The radio frequency intruder detection system of the present invention provides a substantially improved method of securing the physical integrity of a variety of metal structures of varying shapes and sizes by detecting any attempts to penetrate through a zone of protection which surrounds the metal structures. One of the metal structures which may be protected is an airplane. Another is a vehicle such as a trailer or any other similar object. Still another is a metal housing such as a hangar.
A radio frequency intrusion detection system is provided. The invention uses the metal structure to be protected as one part of a radiating antenna system. The metal structure is energized against ground thus establishing strong near electromagnetic fields completely surrounding the metal structure. These near fields are monitored by radio frequency pickup devices which detect any changes from the quiescent, undisturbed or normal state of the near field electromagnetic pattern.

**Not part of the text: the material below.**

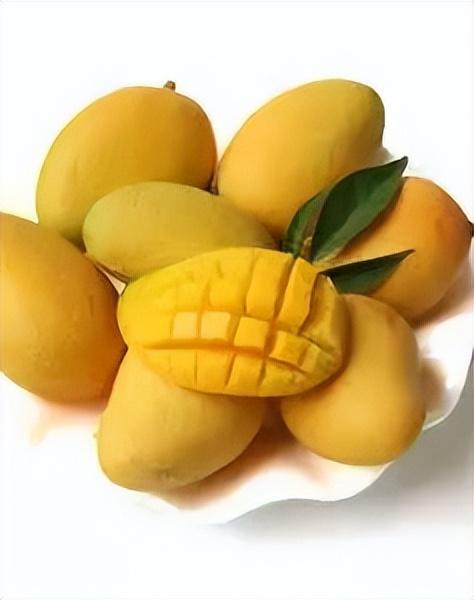 英文24种水果名称（史上超全水果英文名称汇总）(28)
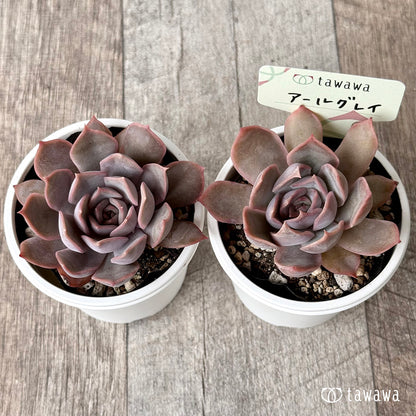 アールグレイ【tawawaハウス苗】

FIG. 1a shows the feeding mechanism of the metal structure for the detection system;
FIG. 1b shows the feeding mechamism for the metal structure with supports for the metal structure;
FIG. 2a shows the basic detection system and its near field radiation;
FIG. 2b illustrates schematically in a top view of FIG. 2a the near field electromagnetic radiation and zone of coverage for the intrusion detection system for the metal structure;
FIG. 3 shows schematically the top view of the intrusion detector system for a metal structure;
FIG. 4 illustrates a block diagram of the receiving apparatus for the intrusion detector system;
FIG. 5 shows the radial response of a vehicle intruder protection system (VIPS);
FIG. 6 shows the circumferential response of a vehicle intruder protection system (VIPS);
FIG. 7 shows schematically a monopole intrusion detection system; and
FIG. 7a shows in a top view the zone of detection of FIG. 7.
Now referring to FIG. 1a, metal structure 10 energized by RF source 11 is schematically shown as a floating rectangular volume above ground. Obviously real structures have under-supports. It is also noted that the intrusion detection system is independent of the kind and shape of the metal structure.
FIG. 1b shows metal structure 20 energized by RF source 21. Metal structure 21 is illustrated with under-supports 20a-20c. These under-supports are electrically nonconducting such as concrete. There are many other under-supports that may be utilized in place thereof, the only requirement being that they are electrically nonconductive and electrically insulate the metallic structure from ground.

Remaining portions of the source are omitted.